* [AIM OF THE EXERCISE] Give again exactly the lines that run from the start of the records to the line holding "Вытяжка встраиваемая Korting", both ends counted. Do not include the pictures.

[DATASET Boundary: Start]

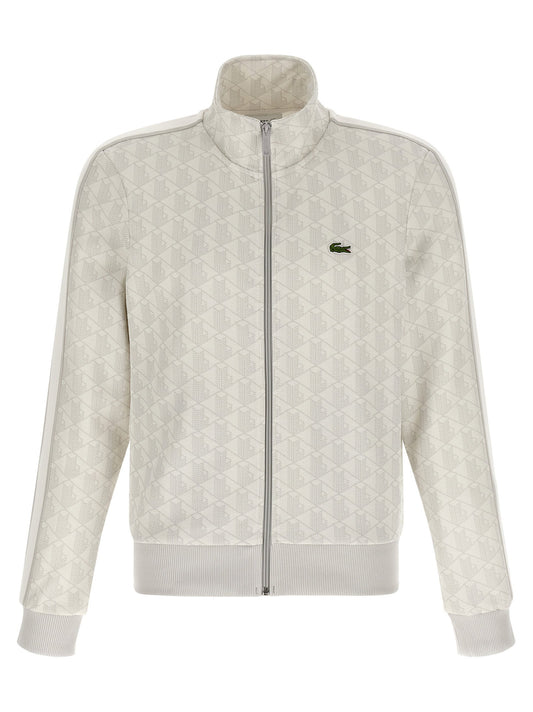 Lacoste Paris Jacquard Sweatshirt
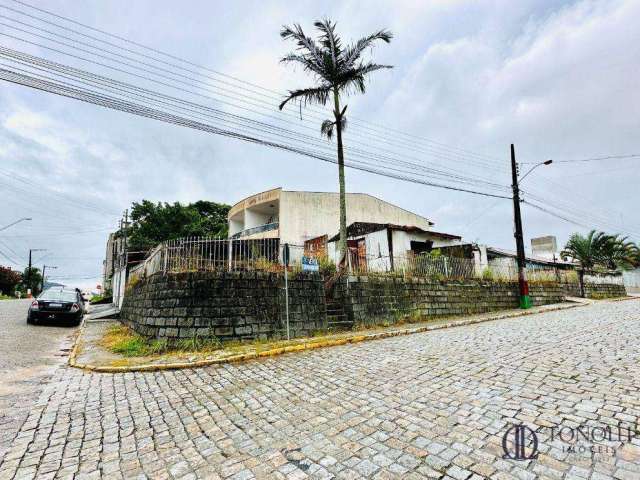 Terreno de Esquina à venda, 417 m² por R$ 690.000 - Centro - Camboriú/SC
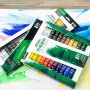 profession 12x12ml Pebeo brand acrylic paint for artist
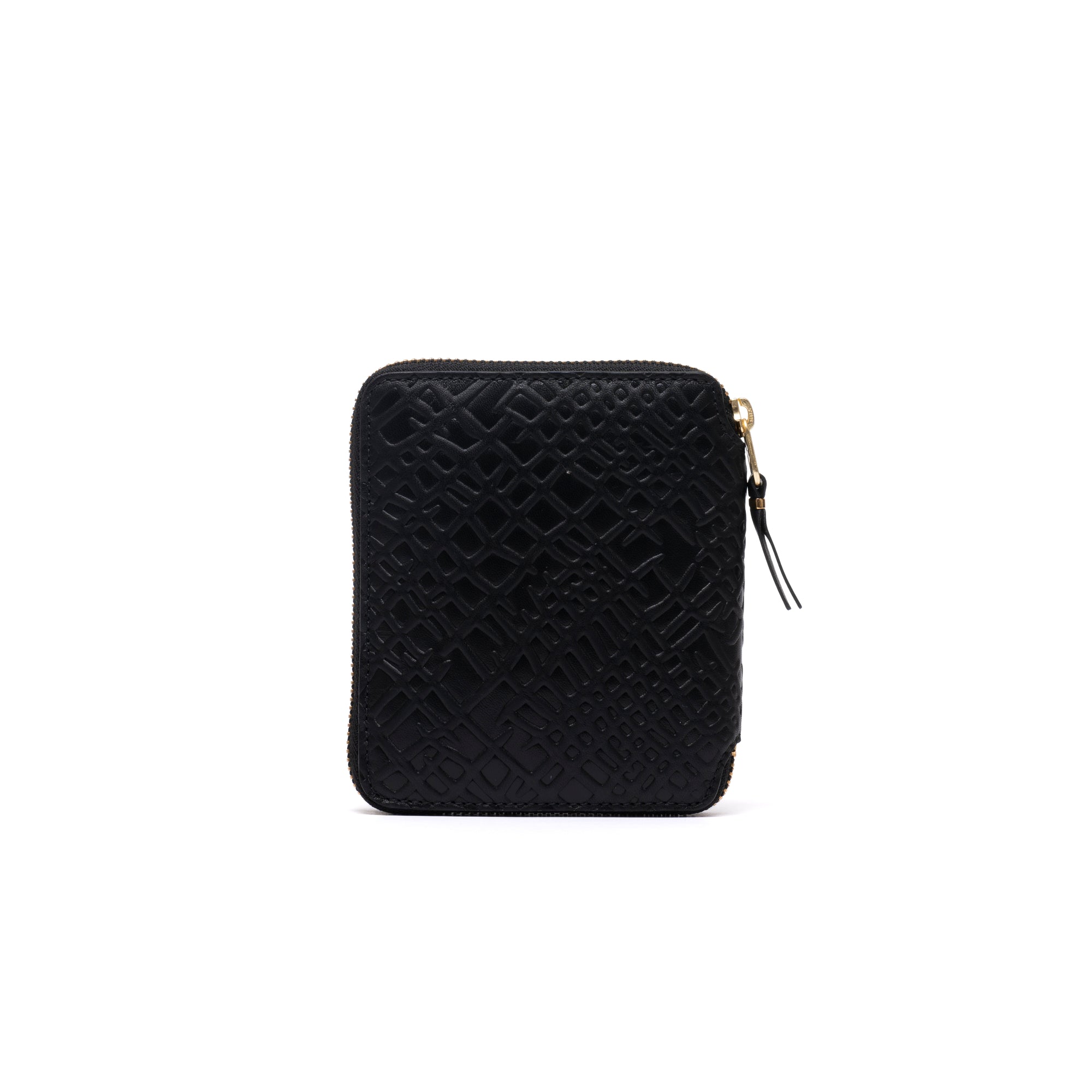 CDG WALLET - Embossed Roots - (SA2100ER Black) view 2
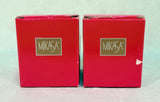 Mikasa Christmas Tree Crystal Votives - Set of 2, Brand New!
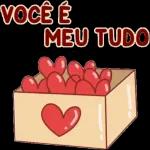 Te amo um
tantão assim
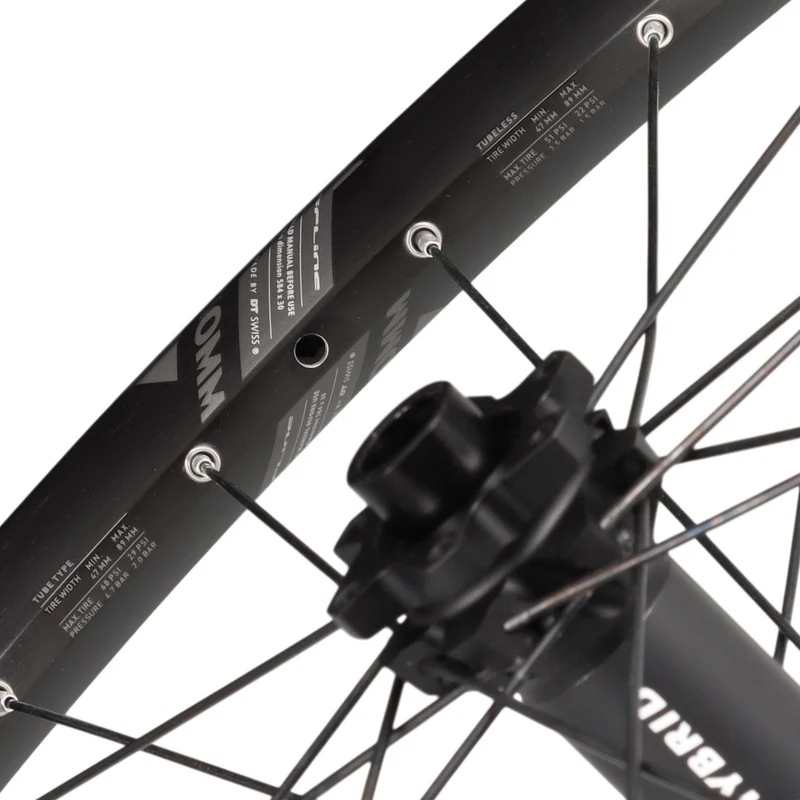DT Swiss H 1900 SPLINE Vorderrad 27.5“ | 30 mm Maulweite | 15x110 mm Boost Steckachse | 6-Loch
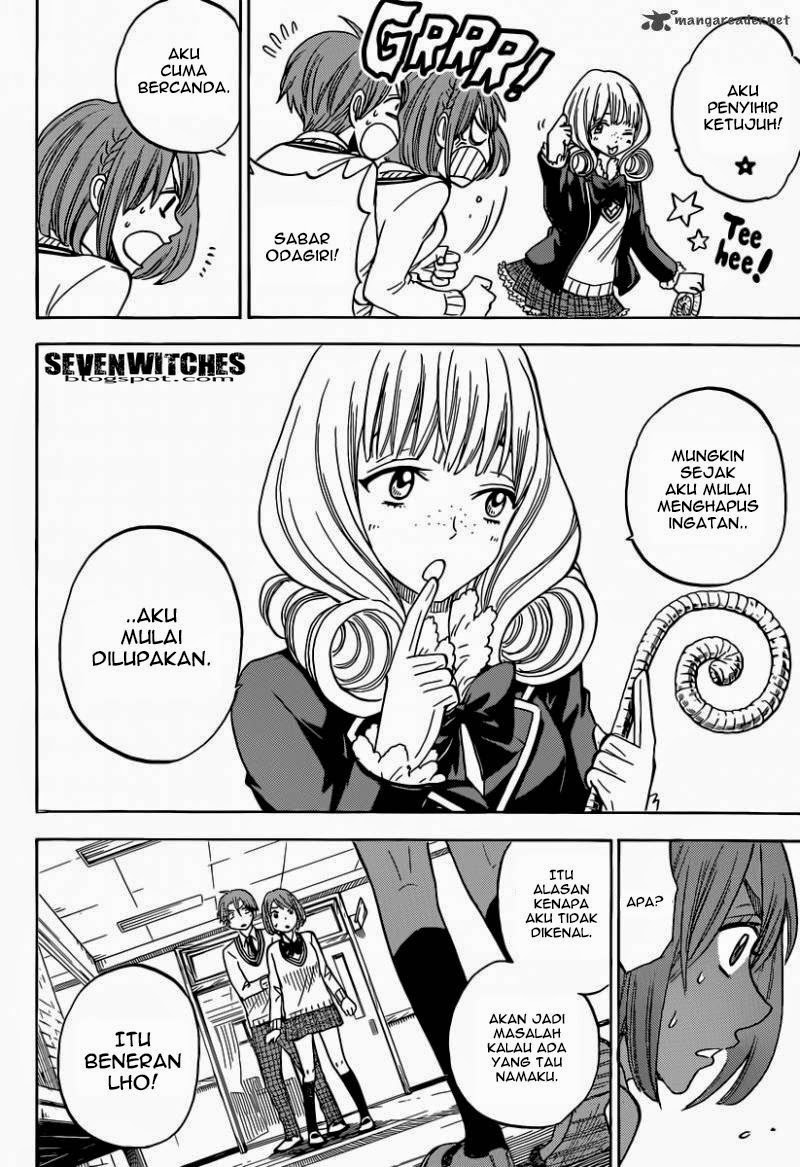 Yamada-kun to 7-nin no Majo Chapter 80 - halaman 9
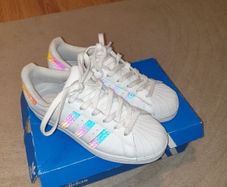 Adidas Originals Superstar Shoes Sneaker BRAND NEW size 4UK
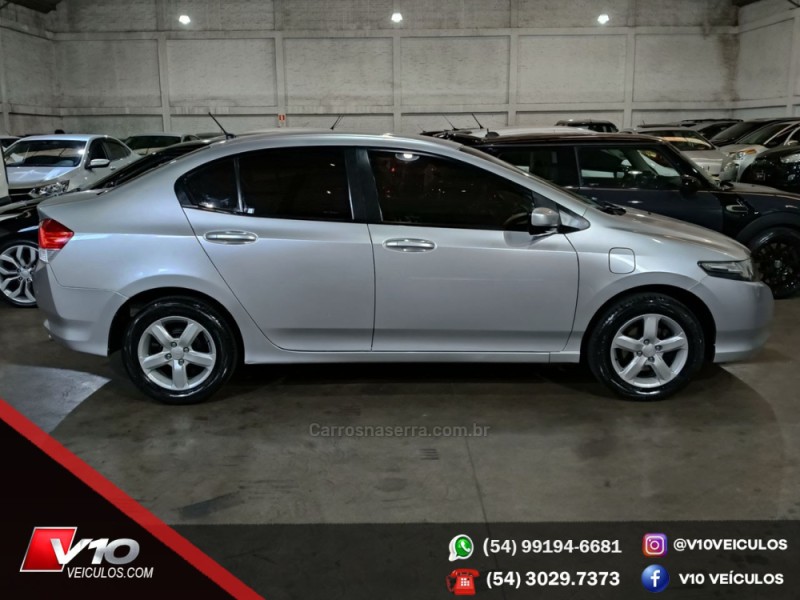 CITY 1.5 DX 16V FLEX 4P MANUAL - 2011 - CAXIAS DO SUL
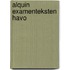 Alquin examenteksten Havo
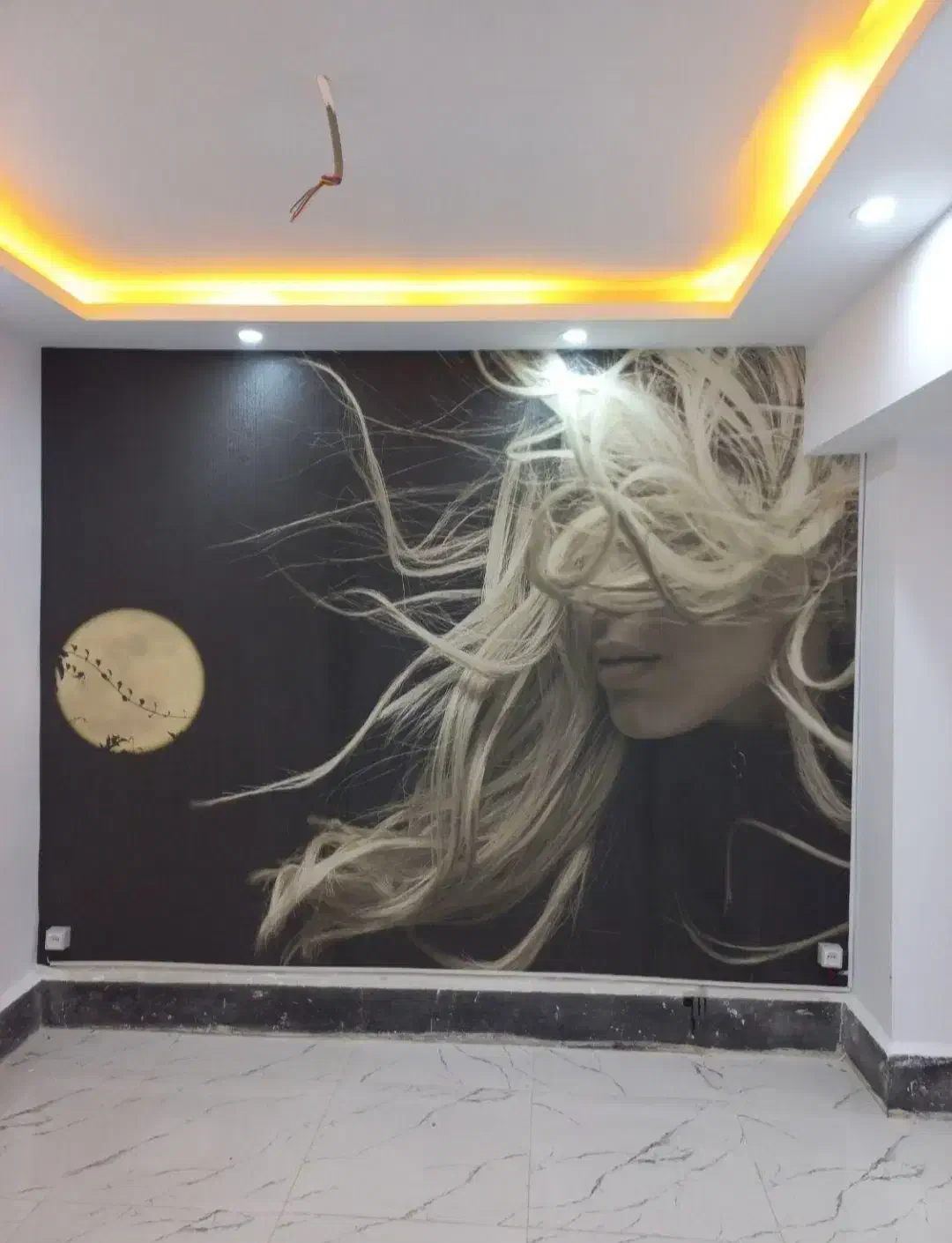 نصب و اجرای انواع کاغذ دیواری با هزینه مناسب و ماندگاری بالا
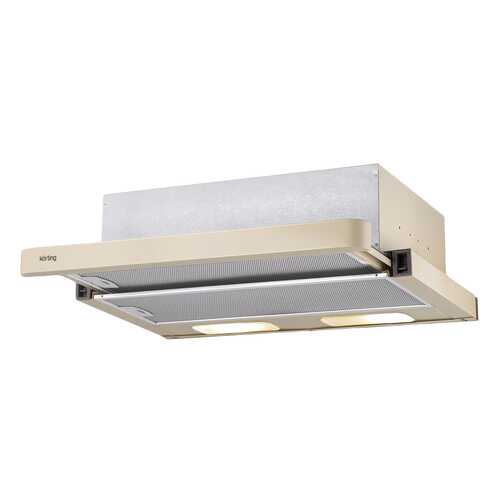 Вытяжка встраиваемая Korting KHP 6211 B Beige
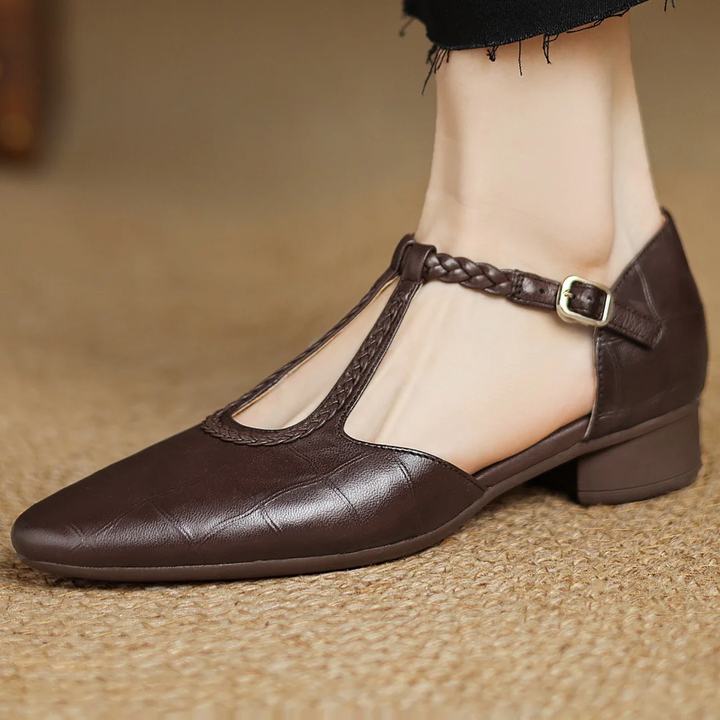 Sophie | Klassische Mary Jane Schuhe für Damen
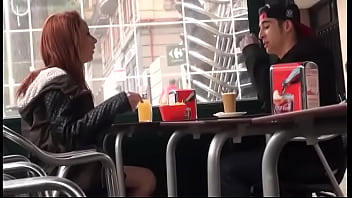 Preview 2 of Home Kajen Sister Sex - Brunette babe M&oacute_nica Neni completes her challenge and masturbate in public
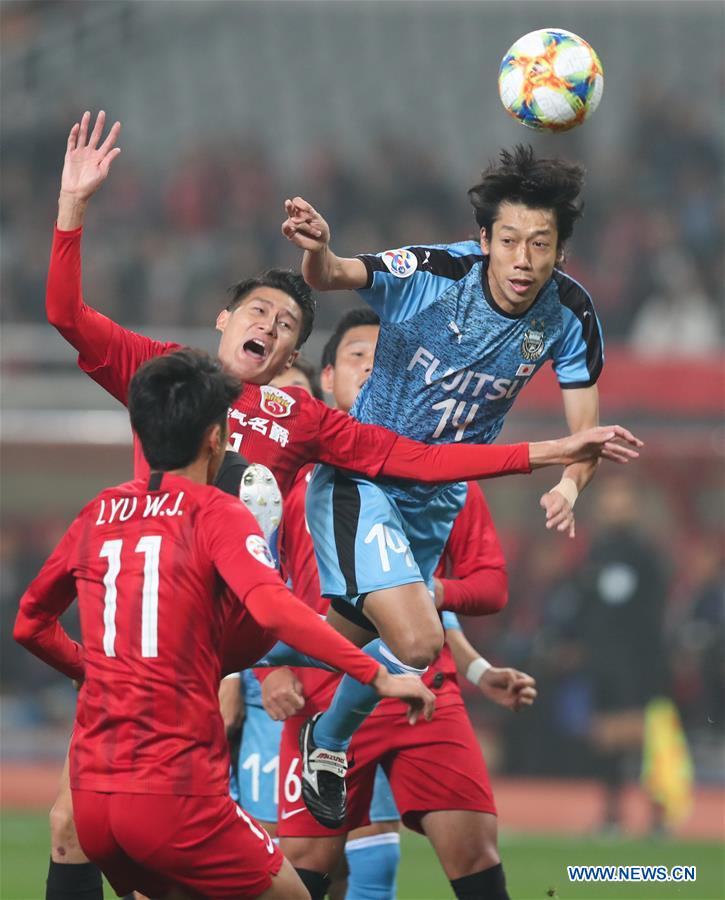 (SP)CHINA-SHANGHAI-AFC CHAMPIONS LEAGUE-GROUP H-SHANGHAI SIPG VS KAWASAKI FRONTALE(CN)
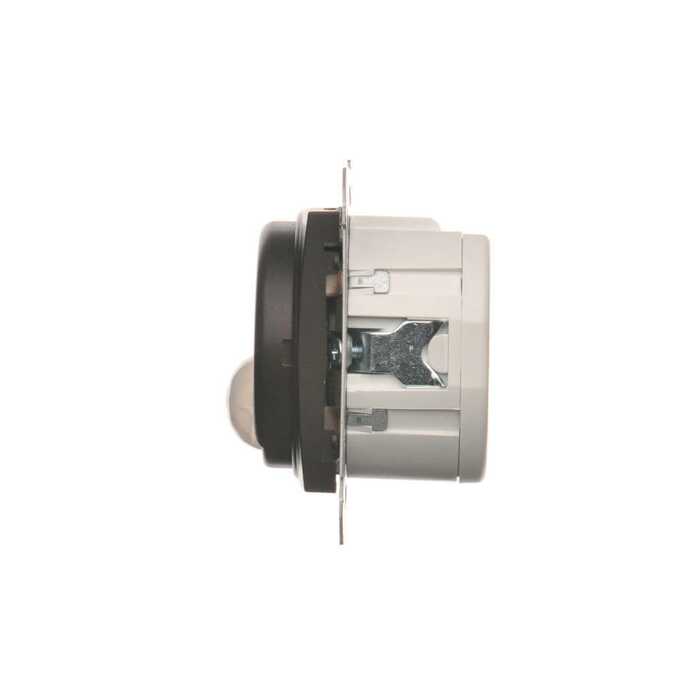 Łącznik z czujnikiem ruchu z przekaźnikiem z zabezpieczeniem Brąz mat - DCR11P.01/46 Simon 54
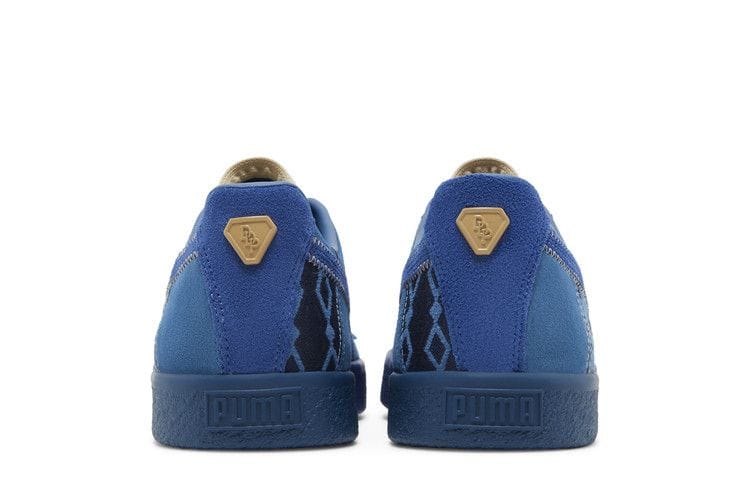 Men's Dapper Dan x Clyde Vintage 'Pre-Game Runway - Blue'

[DATASET Boundary: End]

* [COMPLETED TASK]
 Lacoste Paris Jacquard Sweatshirt
 Terreno de Esquina à venda, 417 m² por R$ 690.000 - Centro - Camboriú/SC
 profession 12x12ml Pebeo brand acrylic paint for artist
 CDG WALLET - Embossed Roots - (SA2100ER Black) view 2
 Mikasa Christmas Tree Crystal Votives - Set of 2, Brand New!
 Te amo um
tantão assim
DT Swiss H 1900 SPLINE Vorderrad 27.5“ | 30 mm Maulweite | 15x110 mm Boost Steckachse | 6-Loch
 Yamada-kun to 7-nin no Majo Chapter 80 - halaman 9
 Adidas Originals Superstar Shoes Sneaker BRAND NEW size 4UK
 CITY 1.5 DX 16V FLEX 4P MANUAL - 2011 - CAXIAS DO SUL
 Alquin examenteksten Havo
 نصب و اجرای انواع کاغذ دیواری با هزینه مناسب و ماندگاری بالا
 Вытяжка встраиваемая Korting KHP 6211 B Beige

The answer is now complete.